Problem to work on: Look below for the line holding "1-к квартира, вторичка, 33м2, 4/9 этаж" and the line holding "Торшер ANDREAN FL от ImperiumLoft". Transcribe exactly those lines and all lines between them, nothing more.

Listed entries:

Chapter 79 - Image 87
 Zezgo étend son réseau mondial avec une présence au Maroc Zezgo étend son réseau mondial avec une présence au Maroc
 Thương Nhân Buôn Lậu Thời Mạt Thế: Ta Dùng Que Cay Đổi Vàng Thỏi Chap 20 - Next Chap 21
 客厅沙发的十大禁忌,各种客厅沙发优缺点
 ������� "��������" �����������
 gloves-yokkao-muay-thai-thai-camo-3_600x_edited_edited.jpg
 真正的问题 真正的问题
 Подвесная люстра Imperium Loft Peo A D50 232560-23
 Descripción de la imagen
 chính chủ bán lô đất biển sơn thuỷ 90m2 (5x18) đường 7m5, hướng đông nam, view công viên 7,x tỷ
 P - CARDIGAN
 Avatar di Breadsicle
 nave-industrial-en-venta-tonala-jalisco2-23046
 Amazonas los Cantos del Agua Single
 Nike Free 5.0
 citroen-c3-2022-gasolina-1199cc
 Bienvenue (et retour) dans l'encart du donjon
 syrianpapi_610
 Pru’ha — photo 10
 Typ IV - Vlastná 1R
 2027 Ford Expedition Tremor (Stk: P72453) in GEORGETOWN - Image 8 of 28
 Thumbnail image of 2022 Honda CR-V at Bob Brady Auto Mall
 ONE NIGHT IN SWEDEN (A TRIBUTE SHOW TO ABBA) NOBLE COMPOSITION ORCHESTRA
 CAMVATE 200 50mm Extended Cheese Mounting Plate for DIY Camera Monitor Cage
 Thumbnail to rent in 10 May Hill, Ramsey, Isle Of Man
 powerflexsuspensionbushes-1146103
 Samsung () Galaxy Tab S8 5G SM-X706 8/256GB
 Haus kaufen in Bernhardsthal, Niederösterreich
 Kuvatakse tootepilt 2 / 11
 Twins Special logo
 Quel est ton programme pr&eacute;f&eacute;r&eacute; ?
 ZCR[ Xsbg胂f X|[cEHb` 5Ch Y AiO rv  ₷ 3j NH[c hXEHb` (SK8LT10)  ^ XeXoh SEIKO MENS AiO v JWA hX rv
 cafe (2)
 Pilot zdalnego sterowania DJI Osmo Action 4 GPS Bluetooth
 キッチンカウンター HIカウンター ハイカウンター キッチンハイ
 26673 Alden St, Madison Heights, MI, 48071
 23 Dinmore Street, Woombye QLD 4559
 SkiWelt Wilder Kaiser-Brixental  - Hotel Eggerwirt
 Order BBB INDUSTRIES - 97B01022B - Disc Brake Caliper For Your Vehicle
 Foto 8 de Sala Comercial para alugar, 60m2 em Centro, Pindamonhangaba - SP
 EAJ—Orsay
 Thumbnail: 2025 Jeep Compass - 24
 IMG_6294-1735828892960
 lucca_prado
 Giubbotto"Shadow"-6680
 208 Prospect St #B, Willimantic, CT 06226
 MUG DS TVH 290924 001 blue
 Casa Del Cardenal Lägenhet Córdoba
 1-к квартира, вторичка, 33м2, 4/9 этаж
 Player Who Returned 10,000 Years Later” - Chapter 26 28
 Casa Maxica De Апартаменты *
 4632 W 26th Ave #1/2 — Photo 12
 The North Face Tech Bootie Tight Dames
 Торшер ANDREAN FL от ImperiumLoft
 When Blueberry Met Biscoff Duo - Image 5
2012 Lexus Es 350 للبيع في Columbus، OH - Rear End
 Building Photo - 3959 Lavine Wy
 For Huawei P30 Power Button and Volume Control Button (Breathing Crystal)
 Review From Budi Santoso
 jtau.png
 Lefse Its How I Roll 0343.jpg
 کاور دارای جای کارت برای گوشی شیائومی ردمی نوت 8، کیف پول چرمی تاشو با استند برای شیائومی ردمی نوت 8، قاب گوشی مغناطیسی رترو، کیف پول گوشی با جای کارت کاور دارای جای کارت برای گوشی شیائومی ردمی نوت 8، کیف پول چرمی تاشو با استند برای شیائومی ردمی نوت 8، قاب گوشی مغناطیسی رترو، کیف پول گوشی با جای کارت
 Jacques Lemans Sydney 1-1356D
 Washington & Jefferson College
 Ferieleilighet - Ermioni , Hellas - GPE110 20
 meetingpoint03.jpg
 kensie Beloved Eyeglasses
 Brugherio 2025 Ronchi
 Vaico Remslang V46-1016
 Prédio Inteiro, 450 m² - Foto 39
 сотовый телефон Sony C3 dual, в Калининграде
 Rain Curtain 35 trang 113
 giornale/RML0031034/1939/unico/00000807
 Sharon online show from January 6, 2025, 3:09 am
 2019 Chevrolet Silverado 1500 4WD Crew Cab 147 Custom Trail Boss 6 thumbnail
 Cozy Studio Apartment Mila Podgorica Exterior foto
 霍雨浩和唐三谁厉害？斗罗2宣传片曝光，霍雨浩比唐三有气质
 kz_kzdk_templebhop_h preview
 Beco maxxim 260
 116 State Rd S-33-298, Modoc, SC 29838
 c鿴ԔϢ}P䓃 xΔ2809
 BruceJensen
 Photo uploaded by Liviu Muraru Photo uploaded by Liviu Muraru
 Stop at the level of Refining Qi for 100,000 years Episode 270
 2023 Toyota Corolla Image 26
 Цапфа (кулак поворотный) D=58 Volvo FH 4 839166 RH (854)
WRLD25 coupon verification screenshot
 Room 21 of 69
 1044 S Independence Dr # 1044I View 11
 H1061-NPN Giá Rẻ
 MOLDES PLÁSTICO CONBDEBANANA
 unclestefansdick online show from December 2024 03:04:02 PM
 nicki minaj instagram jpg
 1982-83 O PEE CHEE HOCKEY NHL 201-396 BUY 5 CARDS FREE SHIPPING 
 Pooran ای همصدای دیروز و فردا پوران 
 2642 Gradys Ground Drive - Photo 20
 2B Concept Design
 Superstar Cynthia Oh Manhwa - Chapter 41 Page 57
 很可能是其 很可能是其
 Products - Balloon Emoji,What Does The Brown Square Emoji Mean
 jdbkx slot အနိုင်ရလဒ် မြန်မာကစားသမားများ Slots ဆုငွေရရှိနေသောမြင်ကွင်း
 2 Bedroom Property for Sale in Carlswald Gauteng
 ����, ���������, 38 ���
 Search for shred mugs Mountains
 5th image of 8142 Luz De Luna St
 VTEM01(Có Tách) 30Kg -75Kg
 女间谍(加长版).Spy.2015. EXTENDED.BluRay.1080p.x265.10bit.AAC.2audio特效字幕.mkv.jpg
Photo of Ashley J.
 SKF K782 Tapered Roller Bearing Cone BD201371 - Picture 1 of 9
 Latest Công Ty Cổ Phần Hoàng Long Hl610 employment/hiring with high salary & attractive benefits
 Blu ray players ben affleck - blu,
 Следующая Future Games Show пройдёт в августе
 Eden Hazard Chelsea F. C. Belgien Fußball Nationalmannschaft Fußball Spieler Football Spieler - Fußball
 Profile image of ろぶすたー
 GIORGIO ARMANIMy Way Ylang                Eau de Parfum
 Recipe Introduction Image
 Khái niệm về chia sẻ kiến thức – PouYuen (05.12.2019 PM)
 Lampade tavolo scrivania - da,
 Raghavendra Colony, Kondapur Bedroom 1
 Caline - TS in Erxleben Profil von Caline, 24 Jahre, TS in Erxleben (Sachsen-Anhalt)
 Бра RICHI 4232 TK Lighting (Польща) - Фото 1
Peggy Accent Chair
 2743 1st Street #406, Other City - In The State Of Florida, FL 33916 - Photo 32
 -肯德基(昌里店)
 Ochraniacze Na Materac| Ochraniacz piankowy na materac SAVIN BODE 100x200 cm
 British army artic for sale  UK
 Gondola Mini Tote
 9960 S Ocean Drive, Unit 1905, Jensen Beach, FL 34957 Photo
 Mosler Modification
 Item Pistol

Answer section:
 1-к квартира, вторичка, 33м2, 4/9 этаж
 Player Who Returned 10,000 Years Later” - Chapter 26 28
 Casa Maxica De Апартаменты *
 4632 W 26th Ave #1/2 — Photo 12
 The North Face Tech Bootie Tight Dames
 Торшер ANDREAN FL от ImperiumLoft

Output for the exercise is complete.